The figure for the given problem is as follows:

Now the given point $(0,\beta )$lies on the y-axis as its x-coordinate is zero.
From the above figure we see that the y-axis passes through the sides AC and BC.
Now we will substitute $(0,\beta )$ in the equation of side AC, i.e.,
$4y+x-14=0$
We get,
$4(\beta )+0-14=0$
$4\beta =14$
$\beta =\dfrac{14}{4}$
$\beta =\dfrac{7}{2}$
So the point of intersection of the y-axis and side AC is $\left( 0,\dfrac{7}{2} \right)$.

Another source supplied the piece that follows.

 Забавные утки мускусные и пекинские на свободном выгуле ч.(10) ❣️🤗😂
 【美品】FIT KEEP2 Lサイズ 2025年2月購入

Similarly, we will substitute $(0,\beta )$ in the equation of side BC, i.e.,
$3y-2x-5=0$
We get,
$3\beta -2(0)-5=0$
$3\beta =5$
$\beta =\dfrac{5}{3}$
So, the point of intersection of the y-axis and side BC is $\left( 0,\dfrac{5}{3} \right)$.
Now as the given point lies on y-axis as well as on or inside of the triangle, so all the points between $\left( 0,\dfrac{5}{3} \right)$and $\left( 0,\dfrac{7}{2} \right)$, will satisfy the condition.
So, the value of $\beta$ will be,
$\dfrac{5}{3}\le \beta \le \dfrac{7}{2}$
Hence, the correct answer is option (c).
Note: Here we can solve for the vertices of the triangle from the given equations of the sides. Then find the value of $\beta$. But it will be a lengthy process.